The portage finally lets you touch water in a shallow swampy lagoon in a corner of the lake. A short paddle up and out and the beauty of the area finally reveals itself.
We paddled just to the first campsite and made it our home for the night.
Having a short first day would give us a chance to ease into the whole situation. Remember, this was Erik and Anita’s first long trip, my first mission was to make the whole thing fun. Unfortunately the weather didn’t cooperate, but I made the best of it. We had a roaring fire and I pitched the tarp so we’d have a dry place to sit and cook and eat. All you need to be fully happy in the outdoors is to be warm, dry, fed, and well rested. The rest takes care of itself.

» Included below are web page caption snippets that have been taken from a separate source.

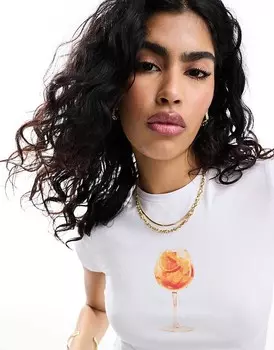 Укороченная футболка цвета слоновой кости с принтом в виде напитка ASOS DESIGN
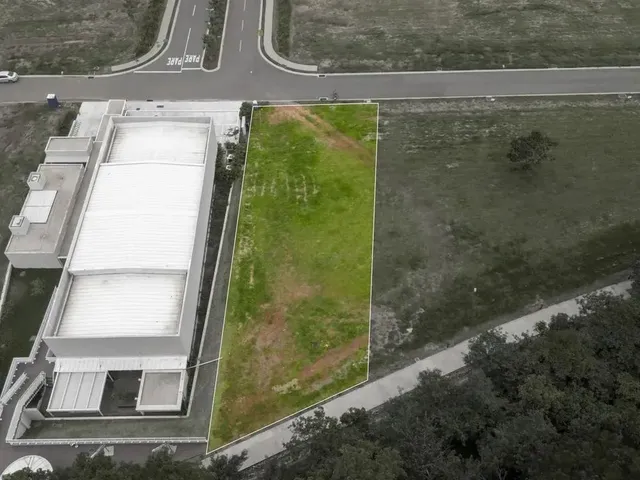 Imagem: Lote 1.048 M² Fundo para Mata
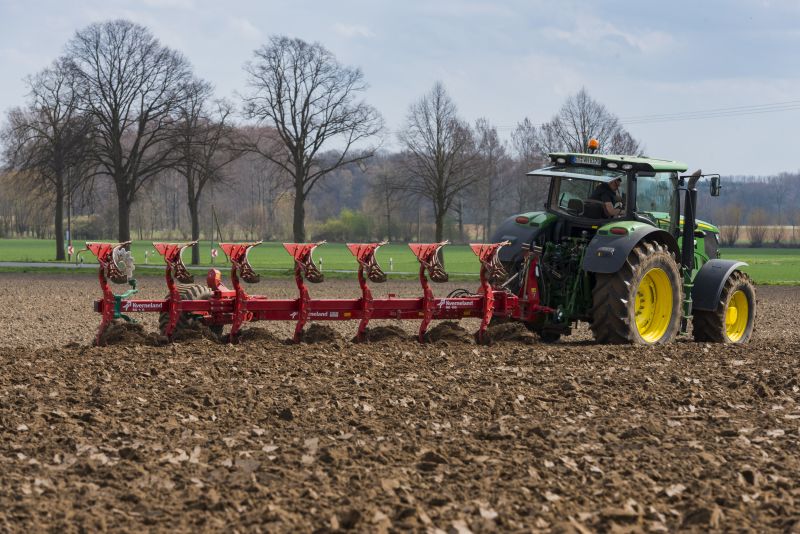 Kverneland PG RG, Kverneland Vari-Width® system, easy in use while ploughing and adjusting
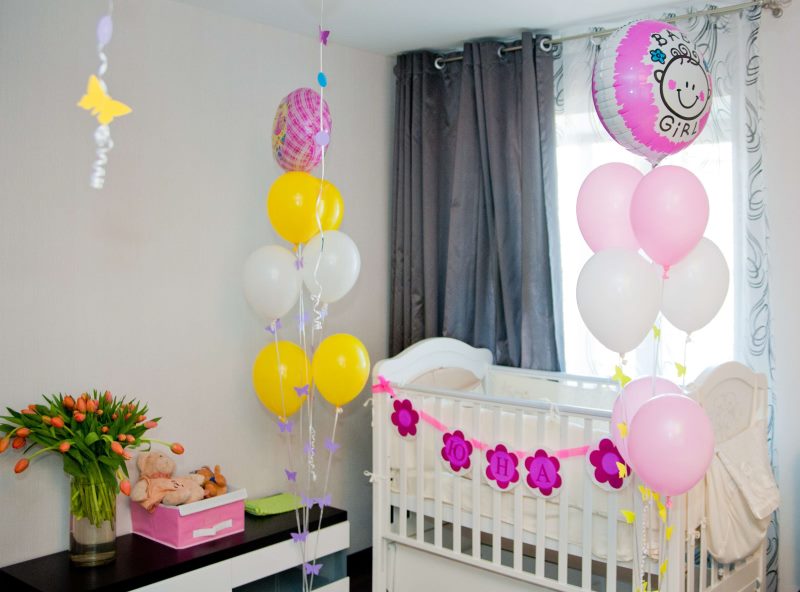 Decoratie van een kinderkamer met ballonnen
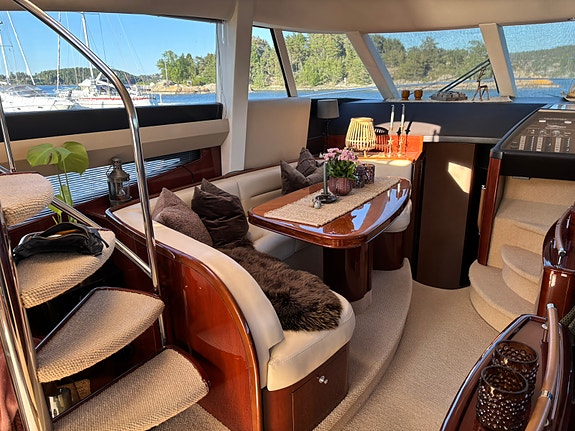 2006 mod Princess P57 med Volvo Penta D12-800 vurderes solgt 21 of 30
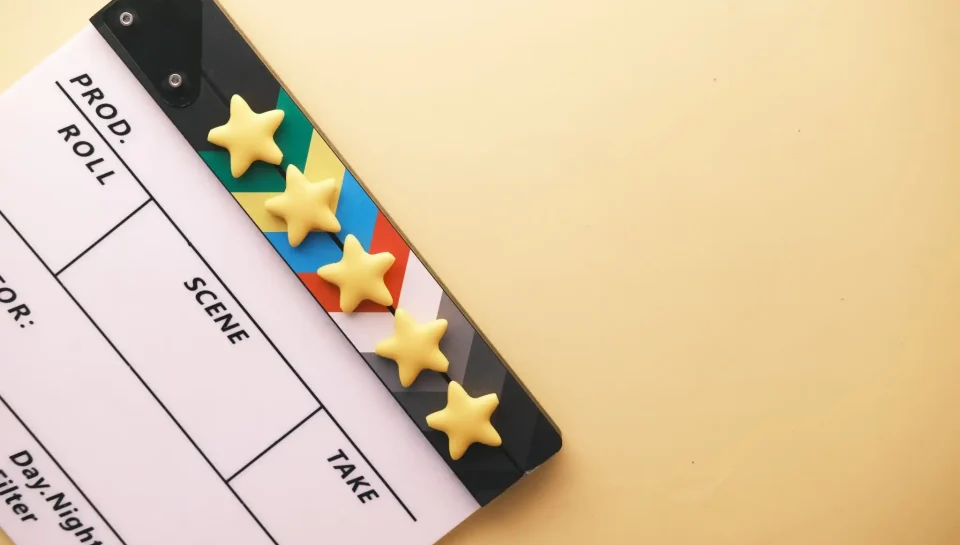 film review structure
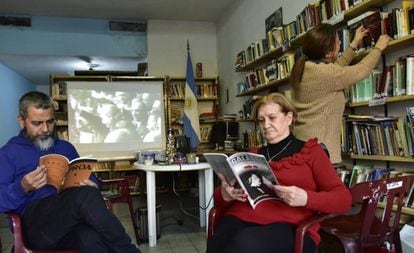 Lectores en la biblioteca popular Manuel Ugarte, en Parque Chacabuco.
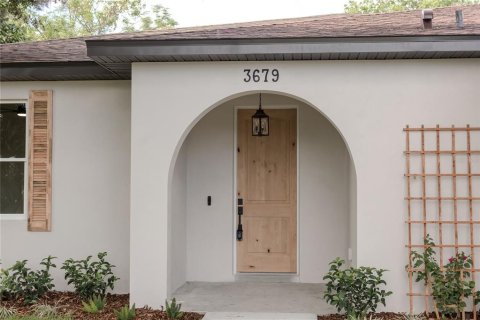 House in Sanford, Florida 4 bedrooms, 207.45 sq.m. № 2101976 - photo 4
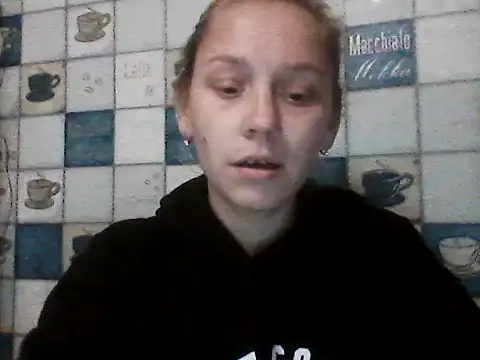 Snapshot of Anna_wey chatting on 10.15.25 Anna wey online show from 10.15.25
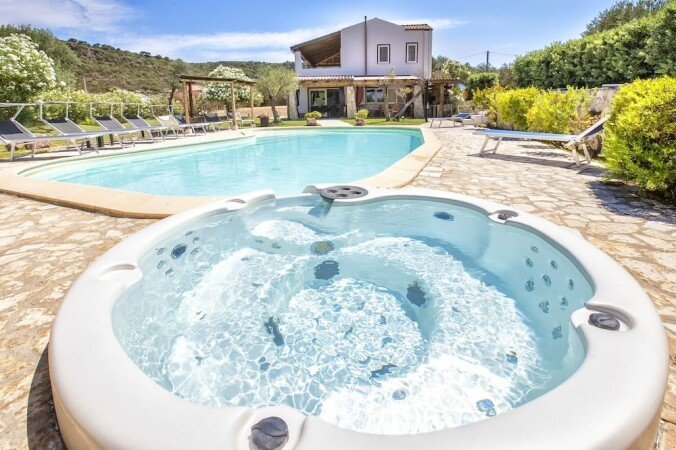 Villa 4 camere, con idromassaggio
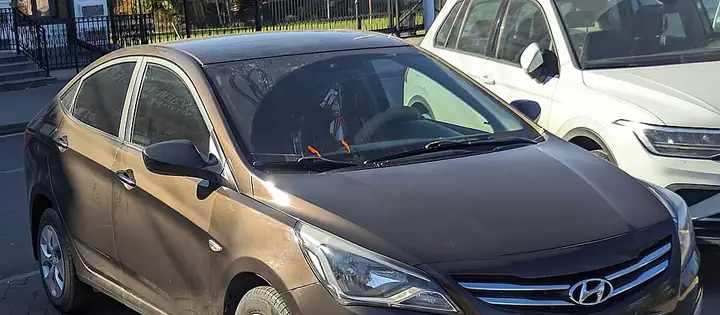 Hyundai Solaris 1 дорест. / 1 рест.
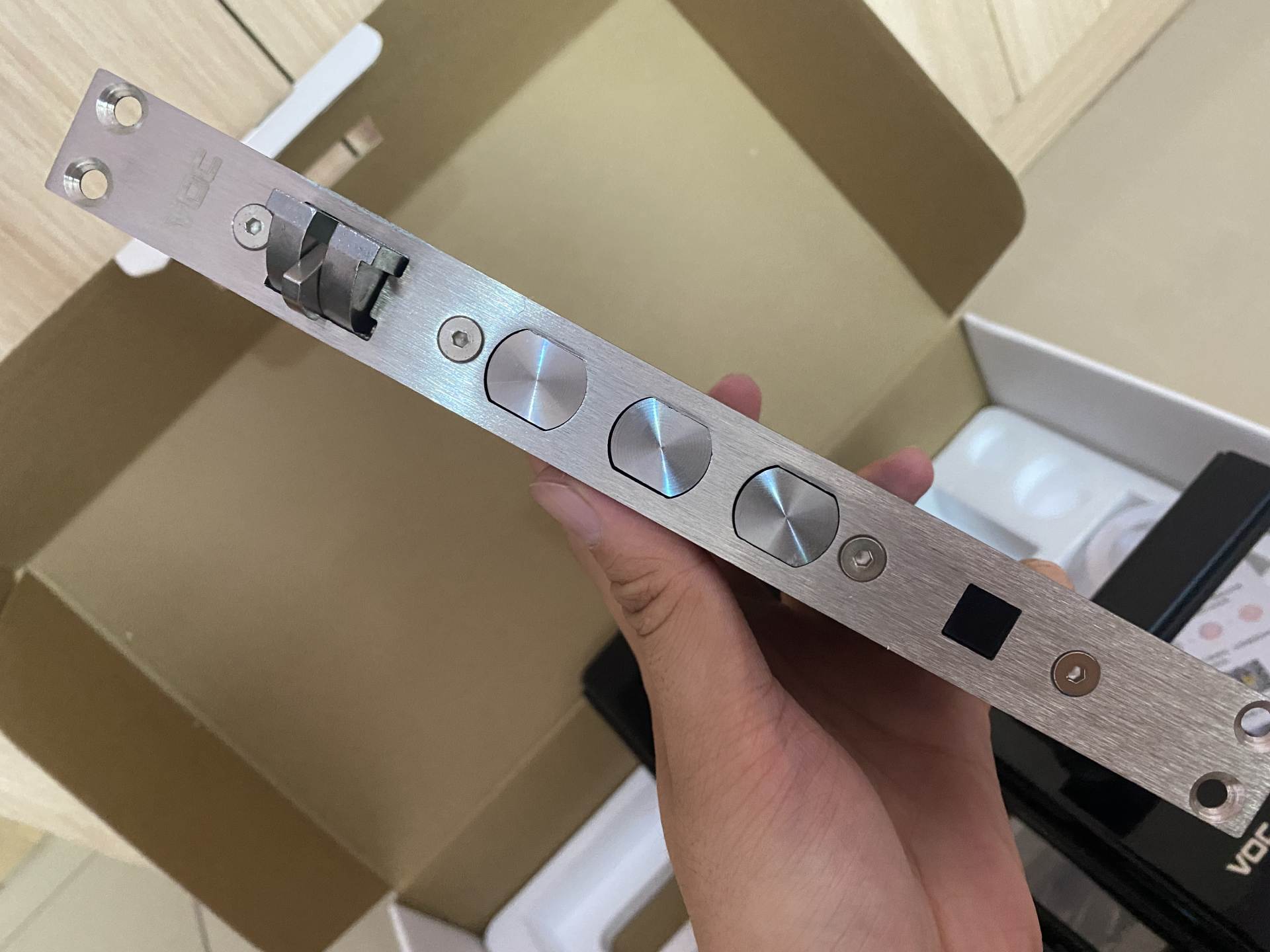 华为智选VOC智能门锁S体验：指纹锁手机一碰解锁，回家更方便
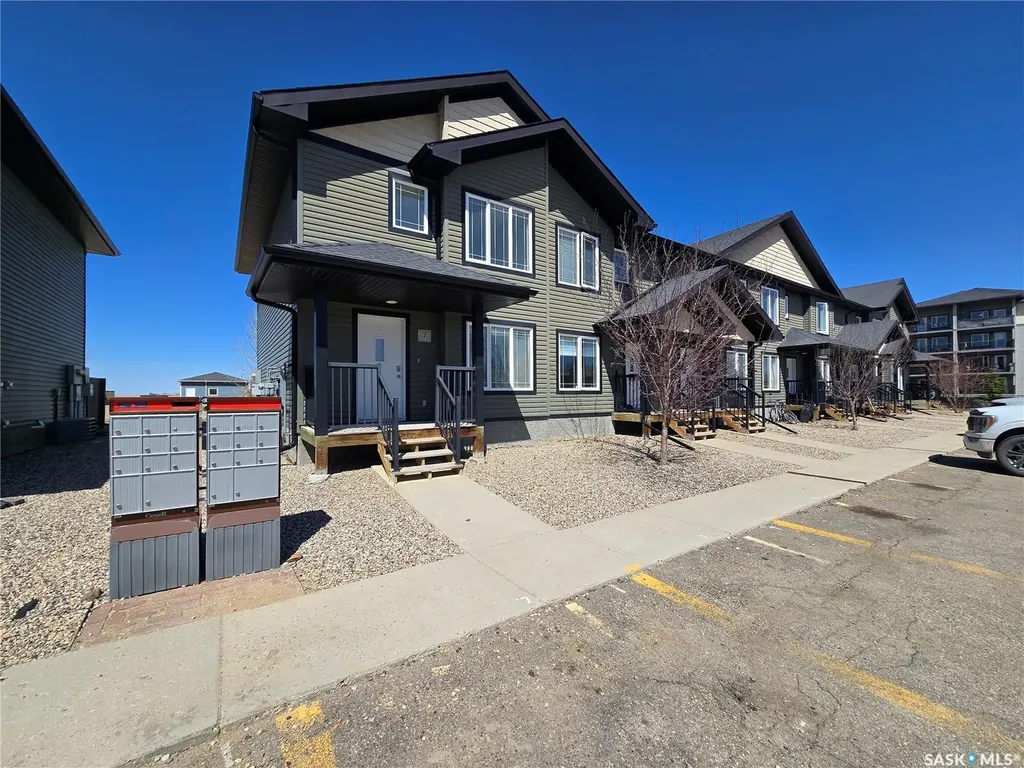 815 5th Street NE Weyburn SK S4H 2K9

The next morning we woke up and kept the shore on our right side and headed North. We didn’t have a destination in mind nor did we know how busy the sites would be, but we hoped to find a place to ourselves for another night or two.
Site 20 looked great, but was very busy. We ate a snack and plowed across the lake to Site 13, halfway across two fast paddlers blew by us and claimed it first. That was a bit of a dick move, but we headed to Site 14 and saw it was empty and perfect. We had an amazing view of the Wavy Range, and once the rain stopped we even enjoyed ourselves!
Since the weather wasn’t great I put the family to work. Erik had small tasks like filling our water jugs, and I taught Anita how to make a fire in the rain. She loved this, and happily took care of her flaming baby while I chopped wood endlessly. You know the expression, never bring a knife to a gunfight? Well, don’t bring a hatchet to Murtle. bring a splitting axe. The ranger fells trees that need felling and leaves logs for campers to use. This is preferred to having everyone forage for branches, which often enough means people will rip living trees apart. These logs were impossible to split with the hatchet, and I had to resort to hacking off chunks. 20 minutes of hacking meant 40 minutes of fire, and it rained the first few days. Phew.
By Day 3 the weather still wasn’t cooperating. We stayed another night and celebrated my birthday, yay! Erik surprised me with an amazing treasure hunt (caramels) and I ate like a king the rest of the day. Anita made me a birthday cake! A birthday cake on a camping trip!
On Day 4 we packed up and headed out. The weather wasn’t that great but it wasn’t pouring and we were alive. We headed South and kept to shore right, then turned West to what looked like a few islands off in the distance. One of them promised to have a campsite, and that was our goal. Just before turning West we could see an ugly pile of whitecaps and churning water coming from that end of the lake. We took a minute to pull over and pee and get more water, and to ask ourselves if we were ready to do battle with the wind. Anita was gung-ho, Erik was excited (of course, he wasn’t paddling!) and I’ll go anywhere. We rounded the corner and took a pounding, but made our way slowly into the wind to the islands.
Once we got there the wind died down, of course, and the sun came out. We planted our flag and made this our home for the next two nights, and it was worth the fight with the wind.